Bugün market raflarında yüzlerce ürün arasında kaybolurken, hangisinin gerçekten “helal kazanç”la üretildiğini kaçımız sorguluyoruz? Enflasyon canavar gibi saldırırken, ucuz mal peşinde koşarken kaliteyi, dürüstlüğü, emeği hiçe sayıyoruz. Peki 13. yüzyılda Anadolu’da bir teşkilat varmış ki, tam da bu sorunlara çare olmuş: Ahilik.
Ahi Evran önderliğinde kurulan bu kardeşlik sistemi, sadece esnaf birliği değil, aynı zamanda ahlak okuluymuş. “Cimrilik kapısını bağla, lütuf kapısını aç” derken, bugün “indirim” adı altında stokları eritip kalitesiz mal satanlara da sessiz bir ders veriyor.
Bilinen tarihe göre Uygur Türkleri, batıya uzanan ilk tacirlerdi. Asya’nın en gelişmiş medeniyetine sahip olan Uygurlar, tüccarları arasında fütüvvet esasına dayanan bir esnaf teşkilatı da geliştirmişti. Ahilik, Samanoğulları ve Karahanlılar döneminde bu temeller üzerinde gelişimini sürdürmüştü.

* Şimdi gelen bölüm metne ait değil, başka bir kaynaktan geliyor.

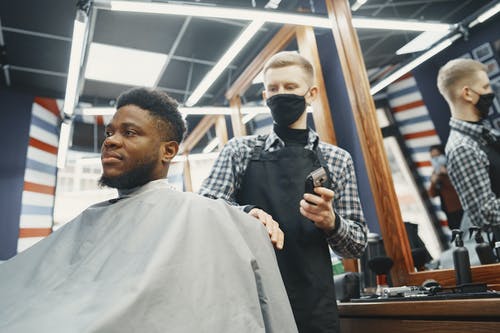 有关新常态, 梳洗, 流感大流行的免费素材图片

Anadolu’yu Türk yurdu haline getirmek, şehirlerde yaşayan Rum ve Ermeni tacirleriyle rekabet edebilmek amacıyla ve Hacı Bektaş-ı Veli’nin tavsiyesiyle Ahi teşkilatı Anadolu’da kuruldu. Ahi Evran, 1205’te Anadolu’ya geldikten kısa süre sonra ilk olarak Kayseri’de Ahilik Teşkilatı’nı kurmuştur.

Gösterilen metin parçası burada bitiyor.